Recent advances in uninhabited aerial systems, autonomous air vehicles, drones, the urban air mobility movement, and a greater emphasis on flexibility in mission capabilities has driven more employment of propeller, rotor, and fan driven concepts in recent years. A better understanding of the effects and potential of these propulsion systems and their integrated effects applied to flight systems could enable the development of revolutionary vehicle configurations for missions that incorporate vertical operations, distributed propulsion, and coupled fluid dynamics, among others. Exploring the possible benefits of advanced propellers, rotors, and fans for Air Force missions requires a full understanding of the multidisciplinary effects of aerodynamics, propulsion, structural mechanics, flight dynamics, aeroelasticity, multiple energy sources, and dissipation of unused energy, often as thermal loads.

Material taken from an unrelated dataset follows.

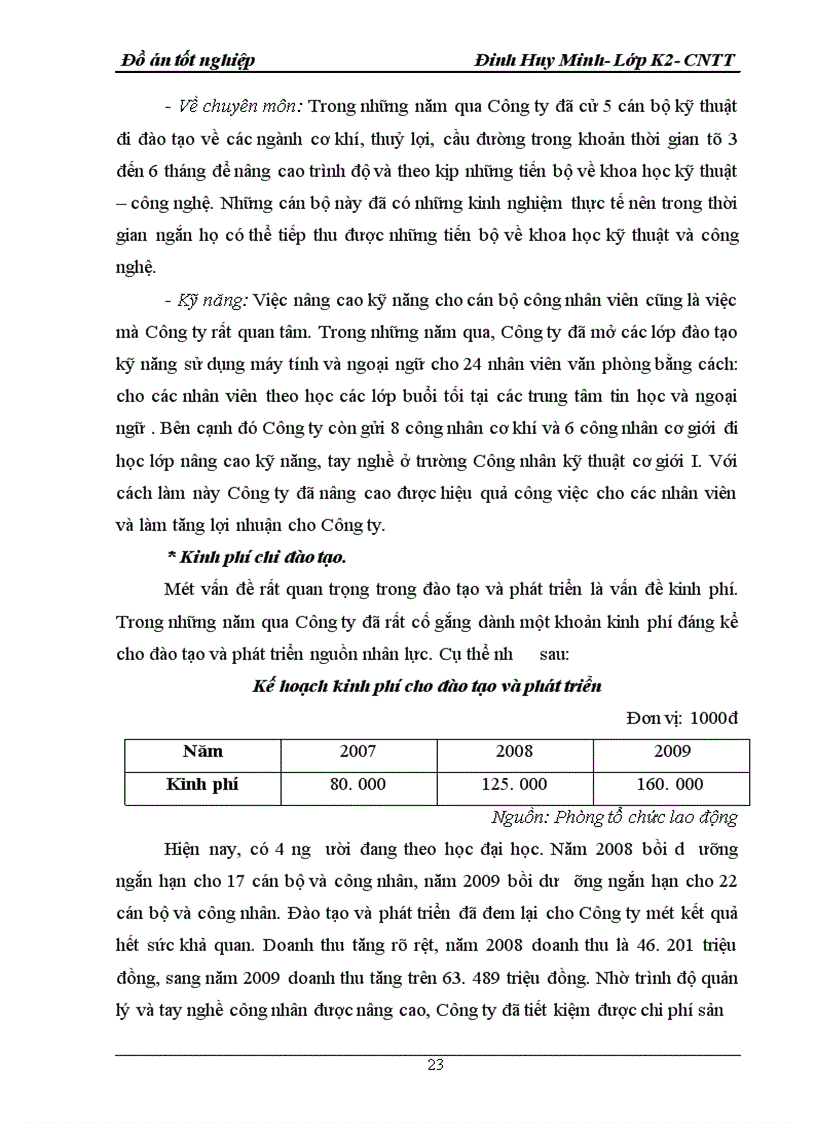 image for page Một số giải pháp nhằm hoàn thiện công tác quản lý nhân sự tại Công ty xây dựng va đầu tư aline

A wide breadth of mission capabilities are enabled when all available propulsors are considered. Collaboration with propulsion subject matter experts (SMEs), power and control SMEs, aero-performance SMEs, as well as aerospace vehicle SMEs will ensure the most effective air vehicle system is synthesized based on mission requirements. The core objective is to enable the application of multidisciplinary, multi-fidelity, design and analysis to achieve optimal effectiveness for eVTOL, runway independence, HSVTOL, and HALE/MALE type missions with attention given to acoustics, distributed propulsion, engine/motor/gearbox matching, coaxial designs, airframe integration, propeller wake/wing boundary layer interactions, blade vortex interaction, and shrouded/ducted designs where applicable.

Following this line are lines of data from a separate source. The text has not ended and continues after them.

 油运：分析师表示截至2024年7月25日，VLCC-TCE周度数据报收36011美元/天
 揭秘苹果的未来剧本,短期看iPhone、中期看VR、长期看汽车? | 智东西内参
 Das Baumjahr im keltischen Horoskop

Opportunities for propeller/rotor/fan focused research include, but are not limited to: balance of conflicting mission or vehicle requirements from coupled subsystems, goal oriented design approaches, reduced order models, machine learning, enhanced design creativity, flow control for improved efficiency, acoustics modeling, nonlinear and coupled effects, blade dynamic responses, additive manufacturing of composite blades for ground and flight test, sensitivity analysis/adjoint approaches, uncertainty quantification leveraging non-deterministic or stochastic methods, and experimental testing to build trust in computational models. Specific applications of actuator disk (axial momentum) theory, blade element momentum theory (BEMT), lifting line/vortex lattice approximations, Euler based methods, Large Eddy Simulation (LES), Reynolds Averaged Navier-Stokes (RANS) methods, and Lattice-Boltzmann approaches are all applicable as well as experimental wind tunnel studies and flight tests.

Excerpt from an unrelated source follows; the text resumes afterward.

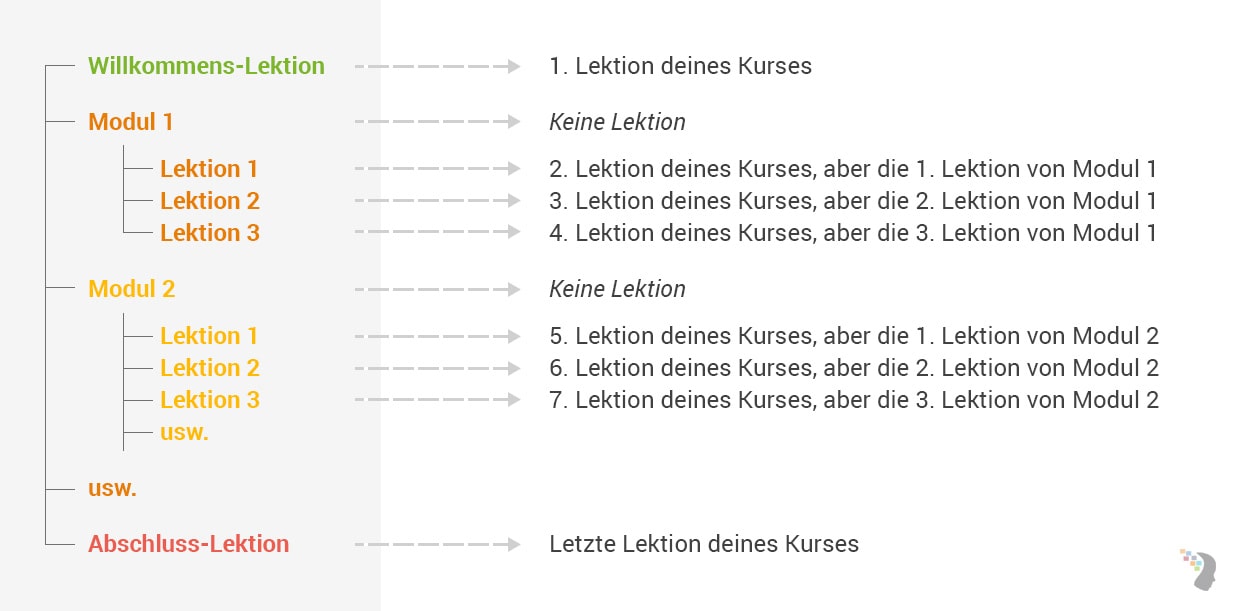 Didaktischer Aufbau Online Kurs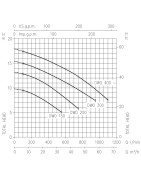 Išcentrinis siurblys Ebara DWO 200M, 220V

Keywords: propellers, rotors, fans, ducted, distributed propulsion, electric / hybrid propulsion, blade element momentum, BEMT, eVTOL, HSVTOL, UAV, autonomous air vehicles, vortex, BVI, machine learning, multidisciplinary, flow control, design, creativity, decision making, mission effectiveness.
Security and citizenship requirements determined on a case by case basis depending on specifics of research conducted and application to current systems.